REQUIRED ACTION: What's needed is an exact copy of all the data below, without pictures.

[Caption-style text data]
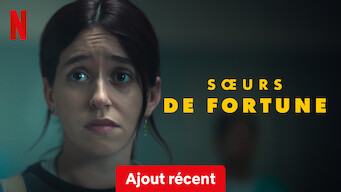 Sœurs de fortune (2024)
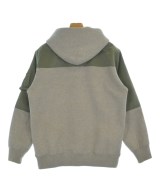 COMME des GARCONS HOMME（コムデギャルソンオム）パーカー グレー サイズ:L メンズ/2200662256069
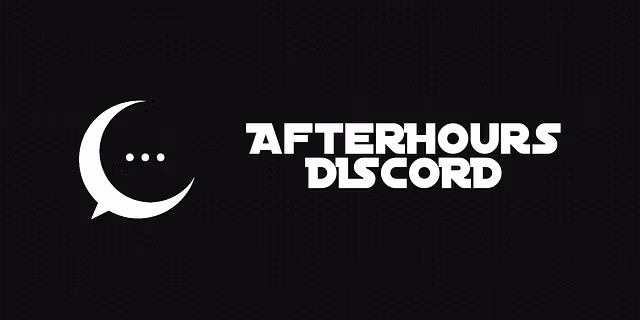 AfterHours – Discord Access
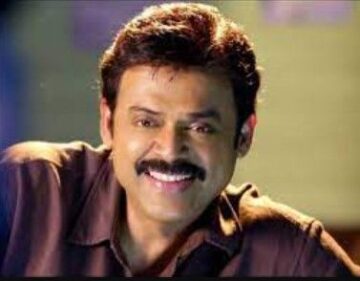 Venkatesh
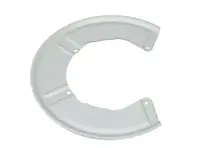 Brake disc cover plate REAR. Porsche 993 1994 - 99335280101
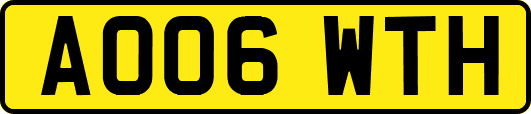 AO06WTH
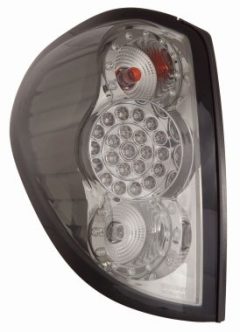 ABAKUS D14-1902P-A-VS — Комплект задних фонарей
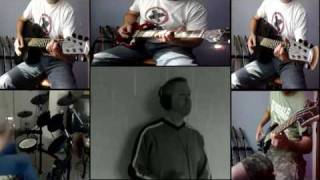 Crossroad Blues - (Internet Collaboration)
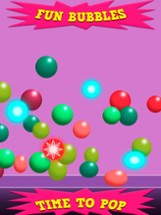 Bubble Pop Games – Fun Splash Image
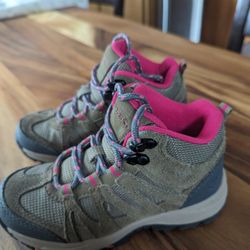 Children's Hiking Boots Size 13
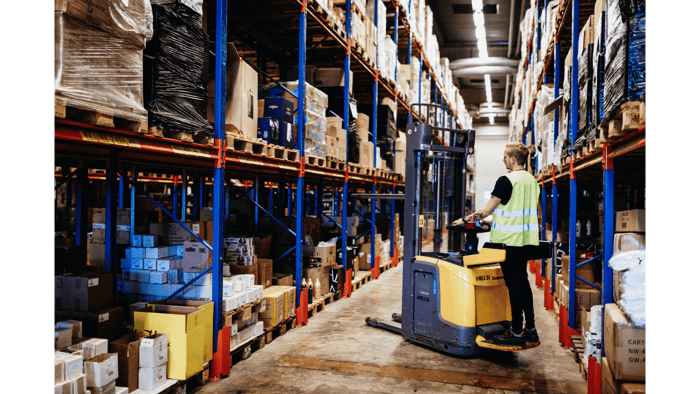 Safety-First 5S (6S): Workspace Mastery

TASK OUTPUT:
 Sœurs de fortune (2024)
 COMME des GARCONS HOMME（コムデギャルソンオム）パーカー グレー サイズ:L メンズ/2200662256069
 AfterHours – Discord Access
 Venkatesh
 Brake disc cover plate REAR. Porsche 993 1994 - 99335280101
 AO06WTH
 ABAKUS D14-1902P-A-VS — Комплект задних фонарей
 Crossroad Blues - (Internet Collaboration)
 Bubble Pop Games – Fun Splash Image
 Children's Hiking Boots Size 13
 Safety-First 5S (6S): Workspace Mastery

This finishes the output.